4. Fathimah Az-Zahra RA

Kisah inspirasi sahabat Nabi selanjutnya datang dari putri Rasulullah SAW yang salehah, produktif, cerdas dan berani. Ia tumbuh di rumah yang penuh dengan keridhaan Allah SWT, membuatnya lebih terbuka dengan urusan risalah yang ditujukan ke ayahnya. Rasulullah SAW. Beliau senang beribadah dan sangat bertakwa maka ia menghindari dunia memilih akhirat.

Beliau senang bertanya perihal ajaran Islam dan mengabarkannya ke suaminya yaitu Ali bin Abu Thalib atau ke orang lain.
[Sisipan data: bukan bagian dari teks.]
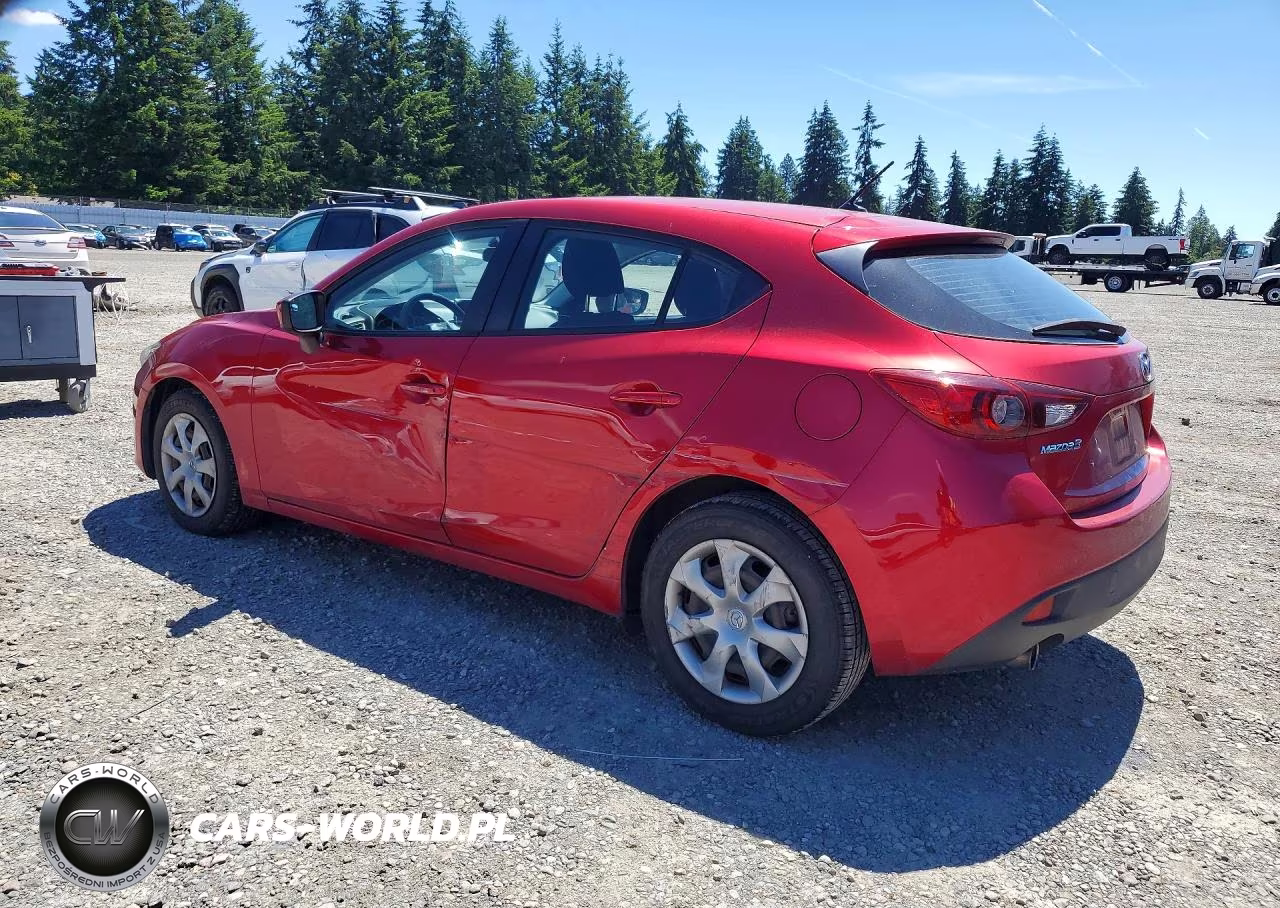 2016 Mazda 3 Sport VIN:JM1BM1J74G1347897 - 2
Saat terjadi perang putri Rasulullah SAW ini tidak duduk diam, beliau mendatangi tenda membawa logistik untuk para tentara. Ketika Rasulullah SAW mengalami luka, ia mencari cara agar lukanya sembuh. Bahkan Fathimah melakukan sendiri semua pekerjaan rumah tangga yang berat.

5. Nusaibah Ummu Imarah

Beliau adalah anak Kaab bin Amr dan Rabbab binti Abdullah. Terkenal dengan julukan Ummu Umara atau Ummu Imarah. Dari pernikahannya dengan Zaid bin Asim mereka memiliki dua orang anak yaitu Abdullah dan Habib.  Nusaibah bukan wanita biasa, ia ikut serta dalam peperangan. Bukan saja untuk mengantar logistik dan mengobati tentara yang luka.

Namun, turun ke medan perang bersama dengan Rasulullah SAW. Perang-perang yang beliau hadiri adalah perang Uhud, peristiwa Hudaybiah, perang Khaibar, perang Hunain dan perang Yamamah. Beliau mempunyai kekuatan yang luar biasa dan selalu menjadi tameng Rasulullah SAW. Walau pun harus kehilangan anaknya beliau tidak menyerah bahkan lebih gigih lagi dalam berperang.

Lima kisah inspirasi sahabat Nabi diatas adalah hanya segelintir dari banyaknya kisah lain yang menggugah hati. Ada banyak pelajaran yang bisa diambil. Seperti keyakinan dalam menjalankan ajaran Islam, mencatat ilmu yang diketahui lalu  membaginya dan gigih dalam melakukan hal kebaikan. Menjadikan sahabat Nabi sebagai tauladan adalah hal yang bijak apalagi di zaman yang semakin tak menentu.